The student lodged a complaint with the Office of the Independent Adjudicator who found the complaint justified. The OIA said that the medical evidence was “obtained only a short period of time after the investigation” and that this period was “not sufficient to undermine the persuasiveness of the medical evidence”.   

The university protested and the OIA reversed its decision, arguing that the medical evidence was not contemporaneous and that therefore it was “reasonable for the institution to question the persuasiveness of the psychologist’s report given its retrospective nature”. 

The OIA’s argument went on to say that: “Many higher education providers do not accept medical evidence for the purposes of late extenuating circumstances claims if the evidence is only obtained retrospectively and based on a student’s retrospective reporting of their symptoms.”  

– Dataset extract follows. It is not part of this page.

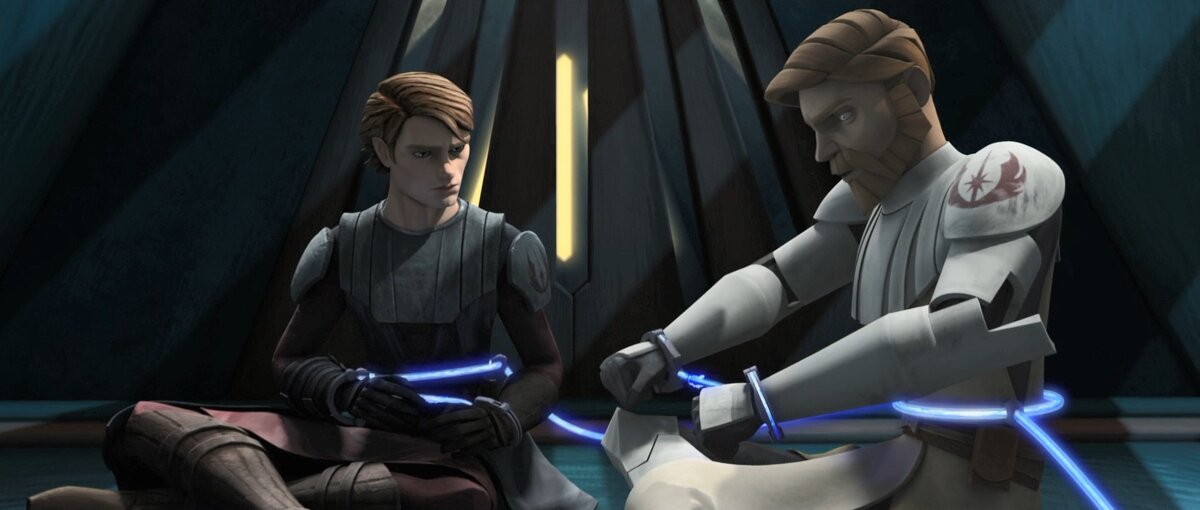 -I only took a sip (заливай Энакин ага)© Lucasfilm Ltd. & TM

It also said that it considers reasonable universities rejecting medical evidence  “if the student only consulted the medical professional after receiving an adverse decision on their case, here the decision to withdraw him from the course”. 

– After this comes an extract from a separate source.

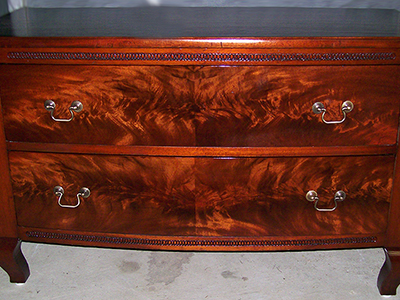 Restored to its original condition. Restored to its original condition.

With respect, that is nonsense.

If the mental ill health of students prevents them from seeking help at the time of their illness, perhaps because they are so unwell that they isolate themselves from the world, avoid all social interaction and struggle even to get dressed, it is difficult to see how the medical evidence can be anything other than retrospective.  

To require such students to seek medical help or alert the university authorities in the throes of their illness is to ask for the impossible and penalises them for suffering from a mental disorder. It displays an ignorance of the debilitating nature of mental illness.

It is plain that retrospective medical evidence should be admissible as evidence in student appeals. The contrary view of the OIA and the universities is misguided and must be changed to avoid further injustice to vulnerable students.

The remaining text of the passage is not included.